● Data extract:
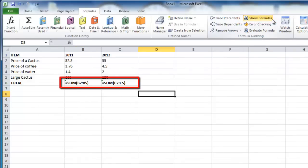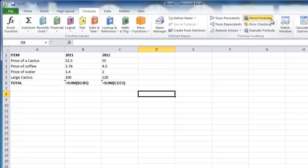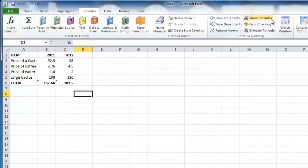Once you have finished examining the formulas, you will want to return them to their more useful invisible state. Simply click on the Show Formulas button again and the sheet will return to normal.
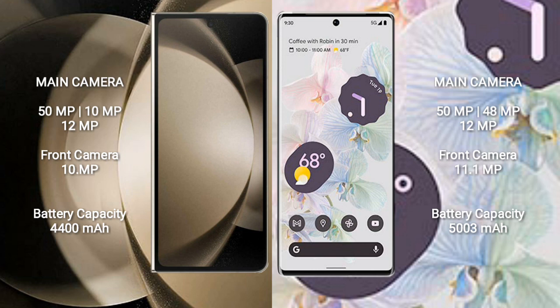Samsung Galaxy Z Fold 5 features a triple rear camera setup: 50MP, 10MP, and 12MP, with a 10MP front camera. Google Pixel 6 Pro also features a triple rear camera setup: 50MP, 48MP, and 12MP, with an 11.1MP front camera.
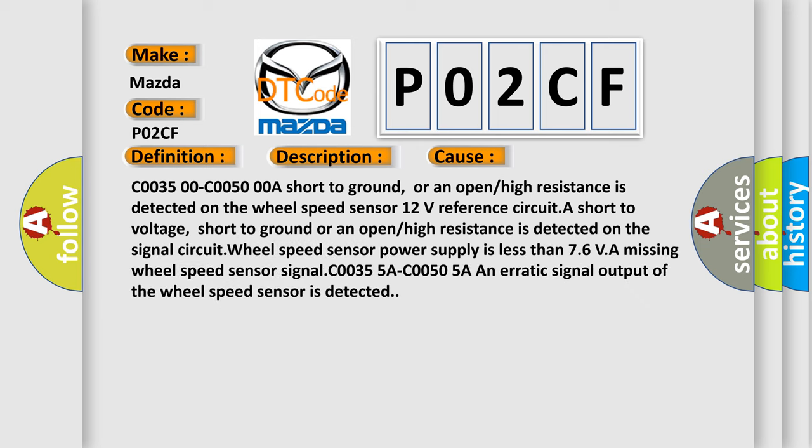This diagnostic error occurs most often in these cases: C0035 00 C0050 00A short to ground, or an open or high resistance is detected on the wheel speed sensor. 12V reference circuit: A short to voltage, short to ground, or an open or high resistance is detected on the signal circuit. Wheel speed sensor power supply is less than 7.6V. A missing wheel speed sensor signal. A single C0035 5A C0050 5A and erratic signal output of the wheel speed sensor is detected.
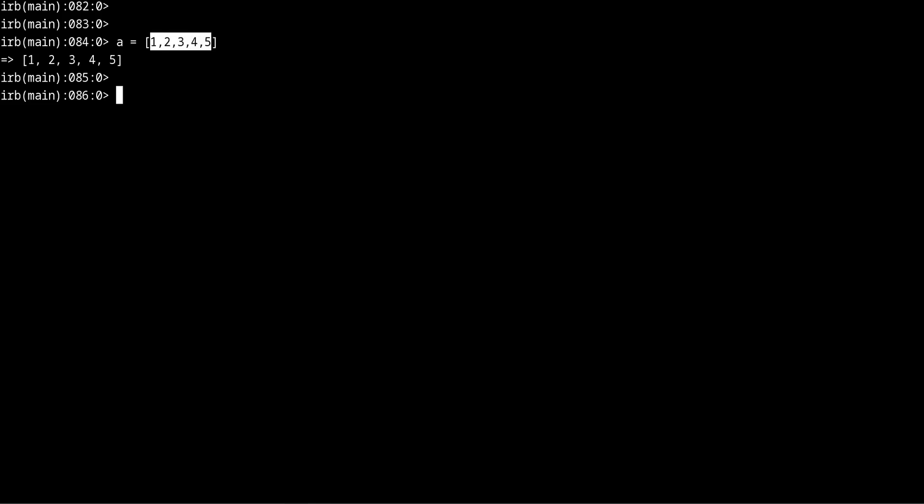So now let's say that I want to advance the numbers so that 2 becomes the first number on this array and then the 1 becomes the last number. To do that I could manually remove the 1 and then append it to the end, add it to the end of this array.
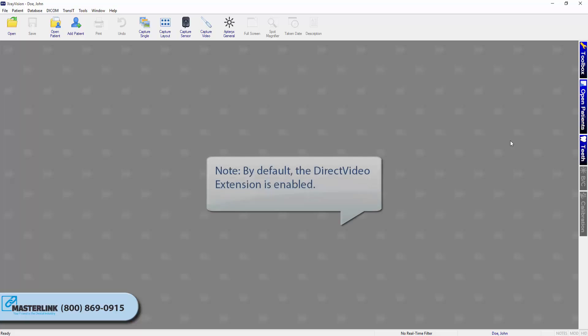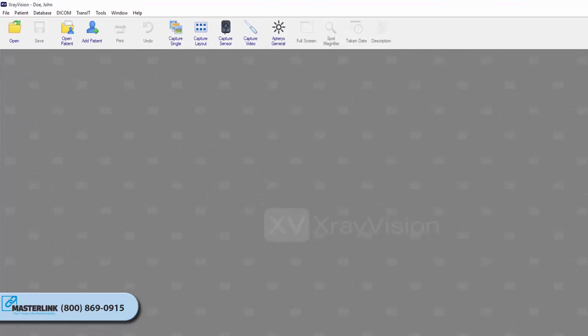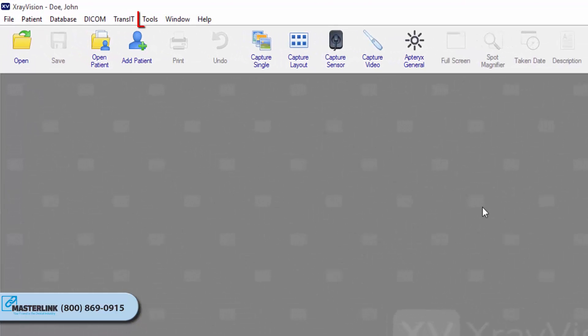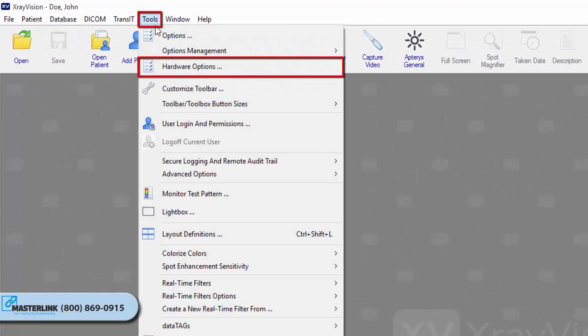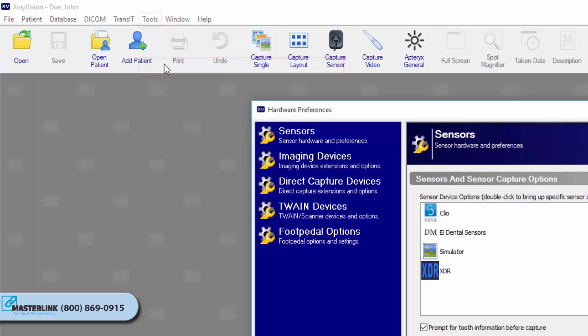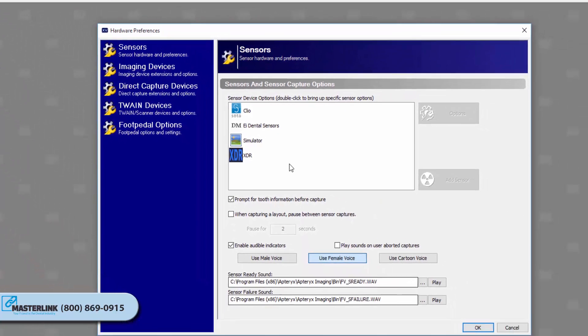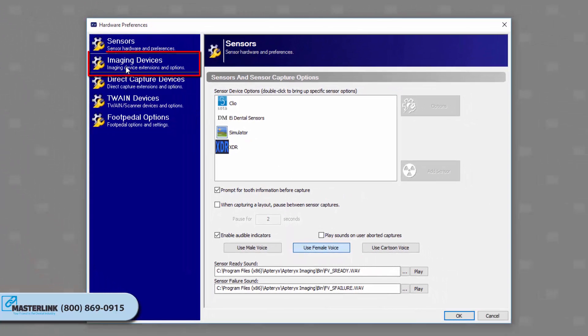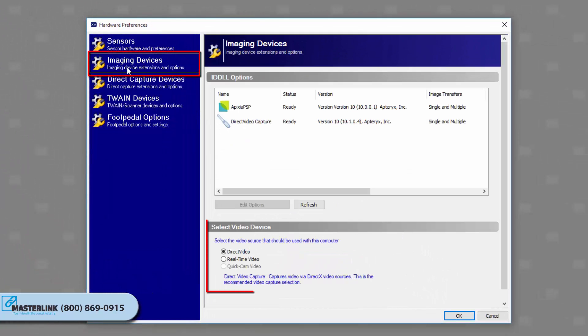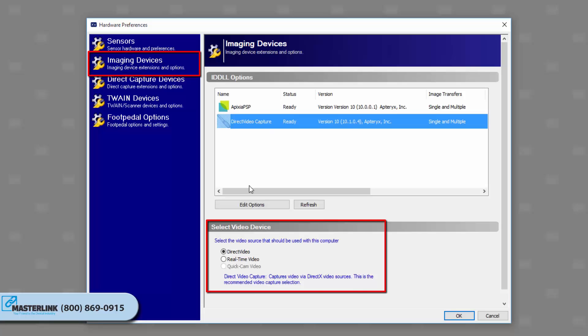Note: by default, the direct video extension is enabled. To change to real-time video extension for older analog cameras, click on Tools, Hardware Options, Imaging Devices, and enable the Real-Time Video option under the Select Video Device category.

● Task requirements: After locating the line with "This diagnostic error" in the listing above, transcribe it and every line after it to the last, exactly, with no pictures.

● Written answer:
This diagnostic error occurs most often in these cases: C0035 00 C0050 00A short to ground, or an open or high resistance is detected on the wheel speed sensor. 12V reference circuit: A short to voltage, short to ground, or an open or high resistance is detected on the signal circuit. Wheel speed sensor power supply is less than 7.6V. A missing wheel speed sensor signal. A single C0035 5A C0050 5A and erratic signal output of the wheel speed sensor is detected.
So now let's say that I want to advance the numbers so that 2 becomes the first number on this array and then the 1 becomes the last number. To do that I could manually remove the 1 and then append it to the end, add it to the end of this array.
Note: by default, the direct video extension is enabled. To change to real-time video extension for older analog cameras, click on Tools, Hardware Options, Imaging Devices, and enable the Real-Time Video option under the Select Video Device category.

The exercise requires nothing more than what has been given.